RRC’s Strategic Plan 2012-2015 identifies Renewal of College-Wide Learning Outcomes as a strategic action related to the Support Teaching Excellence Initiative under the Strengthen Student Achievement theme.
College-Wide Learning Outcomes:
- Articulate clearly what is expected of every RRC graduate. They define RRC students, graduates, and alumni.
- Define RRC as a unique institution of higher learning.
- Help to ensure our programs are of high quality by infusing competencies for career and personal success into the development of program and course learning outcomes.
- Add to the student experience by:
- Challenging students to balance theory and practice through the mastery of content knowledge and the demonstration of field related skills.
- Requiring students to actively demonstrate skills.
- Providing opportunities for students to focus on personal development as it supports professionalism.
- Helping students acquire knowledge and internalize behaviours that support career and personal development throughout their lives.
Learning outcomes, whether at the course, program or college-wide level, facilitate effective teaching and learning in a number of ways:
- The student is clear as to what is expected in terms of learning and assessment of learning; this can facilitate the student becoming an active player in the learning process.
- Outcome statements make clear to the student how they will use what they are learning, therefore allowing students to see why it is important.

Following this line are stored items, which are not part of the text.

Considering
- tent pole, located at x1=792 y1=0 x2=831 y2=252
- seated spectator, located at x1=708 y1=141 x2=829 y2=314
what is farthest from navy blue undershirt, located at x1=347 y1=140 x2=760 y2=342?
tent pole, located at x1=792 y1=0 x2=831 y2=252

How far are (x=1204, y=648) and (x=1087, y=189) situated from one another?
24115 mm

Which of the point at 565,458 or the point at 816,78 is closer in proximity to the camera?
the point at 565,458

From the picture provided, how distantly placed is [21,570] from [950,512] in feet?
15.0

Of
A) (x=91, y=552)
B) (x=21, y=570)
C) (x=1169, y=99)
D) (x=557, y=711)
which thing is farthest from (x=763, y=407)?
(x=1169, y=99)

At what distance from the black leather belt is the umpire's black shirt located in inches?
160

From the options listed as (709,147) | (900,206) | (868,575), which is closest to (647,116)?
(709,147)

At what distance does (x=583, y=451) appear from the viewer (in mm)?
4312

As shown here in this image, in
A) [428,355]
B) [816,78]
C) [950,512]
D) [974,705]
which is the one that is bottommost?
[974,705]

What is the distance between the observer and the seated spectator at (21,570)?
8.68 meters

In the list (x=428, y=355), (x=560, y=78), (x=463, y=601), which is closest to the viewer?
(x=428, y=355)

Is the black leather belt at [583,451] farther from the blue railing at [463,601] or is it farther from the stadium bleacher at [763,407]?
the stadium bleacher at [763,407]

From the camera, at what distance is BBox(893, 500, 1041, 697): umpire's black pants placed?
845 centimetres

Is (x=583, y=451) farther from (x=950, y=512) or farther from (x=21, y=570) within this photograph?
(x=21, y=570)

- Outcome statements encourage reflection on the question "What will I be able to do at the end with what I have learned in this (course/program/college education?)"
- From a faculty perspective, having learning outcomes on course outlines facilitates awareness of what students: 1) have learned in prior courses; 2) are learning in concurrent courses; and 3) will learn in future courses.
- Outcome statements that focus on how students will use what they have learned can provide cues as to integrative student assessment strategies.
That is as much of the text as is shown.